Il presidente statunitense Donald Trump ha pubblicato questo lunedì sul suo profilo di Truth Social una mappa del Nord America e dei Caraibi con la bandiera degli Stati Uniti sovrapposta su tutto il territorio, compresi Cuba, Canada, Messico, Groenlandia e diverse zone dell'America Centrale e dei Caraibi.
La mappa riporta la dicitura «UNITED STATES OF AMERICA» al centro e utilizza il nome «GULF OF AMERICA» invece di Golfo del Messico. La pubblicazione, effettuata alle 10:43 AM ora dell'est (4:43 PM a Cuba), non era accompagnata da alcun testo esplicativo né da una proposta politica formale, e in poche ore ha accumulato oltre 1.540 retruths e 6.260 like.
L'immagine non costituisce un atto giuridico né una proposta formale di politica estera, ma si inserisce in un modello di pubblicazioni espansioniste che Trump ha mantenuto nel 2026 e che ha generato reazioni in tutta la regione.
Un giorno prima, domenica, Trump aveva già pubblicato un'altra immagine in cui rinominava lo stato del Nuovo Messico come «Nuova America», con la parola «Messico» barrata e sostituita da «America», sostenendo che «molte persone» avevano suggerito il cambiamento e che il nuovo nome sarebbe stato «più prestigioso e bello».

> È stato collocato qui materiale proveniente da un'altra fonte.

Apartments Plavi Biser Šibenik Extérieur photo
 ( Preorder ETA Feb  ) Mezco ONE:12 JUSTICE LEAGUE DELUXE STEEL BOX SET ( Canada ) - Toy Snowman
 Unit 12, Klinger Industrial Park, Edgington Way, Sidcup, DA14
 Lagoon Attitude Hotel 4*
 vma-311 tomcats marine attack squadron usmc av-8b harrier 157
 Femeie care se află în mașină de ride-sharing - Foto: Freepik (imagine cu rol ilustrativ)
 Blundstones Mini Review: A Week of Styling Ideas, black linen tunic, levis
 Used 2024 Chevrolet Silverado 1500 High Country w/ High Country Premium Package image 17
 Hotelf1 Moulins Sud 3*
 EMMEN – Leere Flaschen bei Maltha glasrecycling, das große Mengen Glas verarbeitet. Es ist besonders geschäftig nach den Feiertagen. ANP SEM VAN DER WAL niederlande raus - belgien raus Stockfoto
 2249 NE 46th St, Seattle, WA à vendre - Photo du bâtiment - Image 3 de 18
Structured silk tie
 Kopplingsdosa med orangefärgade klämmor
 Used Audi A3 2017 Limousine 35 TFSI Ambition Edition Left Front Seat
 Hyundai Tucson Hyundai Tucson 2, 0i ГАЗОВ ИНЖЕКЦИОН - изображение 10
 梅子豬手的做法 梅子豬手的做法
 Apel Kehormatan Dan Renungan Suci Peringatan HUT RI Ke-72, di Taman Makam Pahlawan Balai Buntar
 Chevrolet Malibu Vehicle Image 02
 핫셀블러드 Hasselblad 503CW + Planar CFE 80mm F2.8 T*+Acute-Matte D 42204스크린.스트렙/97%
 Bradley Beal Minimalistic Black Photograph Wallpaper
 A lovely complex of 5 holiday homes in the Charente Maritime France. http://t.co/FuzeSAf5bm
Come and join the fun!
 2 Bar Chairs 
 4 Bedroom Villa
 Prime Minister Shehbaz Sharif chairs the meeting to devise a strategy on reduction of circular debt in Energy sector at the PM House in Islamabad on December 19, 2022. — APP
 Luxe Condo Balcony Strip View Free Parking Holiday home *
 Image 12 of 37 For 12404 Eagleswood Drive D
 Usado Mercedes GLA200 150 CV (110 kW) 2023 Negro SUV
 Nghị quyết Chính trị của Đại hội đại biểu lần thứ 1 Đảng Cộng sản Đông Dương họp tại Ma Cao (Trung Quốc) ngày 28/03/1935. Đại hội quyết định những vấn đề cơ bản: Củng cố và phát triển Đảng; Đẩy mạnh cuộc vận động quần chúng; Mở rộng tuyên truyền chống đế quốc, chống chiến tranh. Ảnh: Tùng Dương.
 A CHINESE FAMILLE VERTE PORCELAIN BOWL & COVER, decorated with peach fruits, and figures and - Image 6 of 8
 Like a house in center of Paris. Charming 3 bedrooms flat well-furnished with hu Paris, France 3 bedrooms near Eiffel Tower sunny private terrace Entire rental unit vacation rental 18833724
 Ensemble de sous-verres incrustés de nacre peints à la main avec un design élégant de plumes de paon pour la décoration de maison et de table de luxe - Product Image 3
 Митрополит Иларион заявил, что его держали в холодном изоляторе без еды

Tuttavia, Trump non ha l'autorità costituzionale per cambiare unilateralmente il nome di uno stato per decreto.
La mappa di questo lunedì riflette inoltre alcuni cambiamenti geografici che l'amministrazione Trump ha effettivamente imposto ufficialmente per uso federale.
En gennaio 2025, ha ordinato di rinominare il Golfo del Messico come «Golfo d'America», nome già incorporato nelle basi geografiche ufficiali del paese e visibile nella mappa pubblicata questo lunedì. Il 27 agosto scorso ha firmato un ordine esecutivo rinominando il Lago Ontario come «Lago d'America», cambiamento che Google e Apple riflettono già per gli utenti americani, anche se il Canada e l'uso internazionale mantengono il nome originale. Ha inoltre ripristinato ufficialmente il nome «Monte McKinley» per la montagna più alta del Nord America, sebbene il parco nazionale continui a chiamarsi Denali.
Riguardo a Cuba, la mappa di questo lunedì non è un gesto isolato. A maggio, Trump ha assicurato che gli Stati Uniti potrebbero «prendere Cuba quasi immediatamente» e che l'isola era «completamente devastata», aggiungendo che sarebbe «un onore liberarla». A giugno ha promesso di occuparsi di Cuba dopo aver risolto la crisi con l'Iran, e il 1° luglio, durante l'inaugurazione della Biblioteca Presidenziale Theodore Roosevelt in Dakota del Nord, ha affermato che Cuba «sta venendo verso di noi» e «si sta avvicinando alla nostra orbita».
Il modello di mappe espansioniste su Truth Social include anche una mappa del Venezuela coperta dalla bandiera statunitense e dalla scritta «Stato 51», pubblicata il 1° agosto, settimane dopo che Trump dichiarò su Fox di "stare seriamente considerando" di trasformare il Venezuela in un nuovo stato.
Nessuno di questi post ha supporto legale né rappresenta una proposta formale. Il primo ministro canadese Mark Carney e il premier dell'Ontario Doug Ford avevano già rifiutato il cambiamento del nome del Lago Ontario, affermando che il Canada continuerà a chiamarlo Lake Ontario.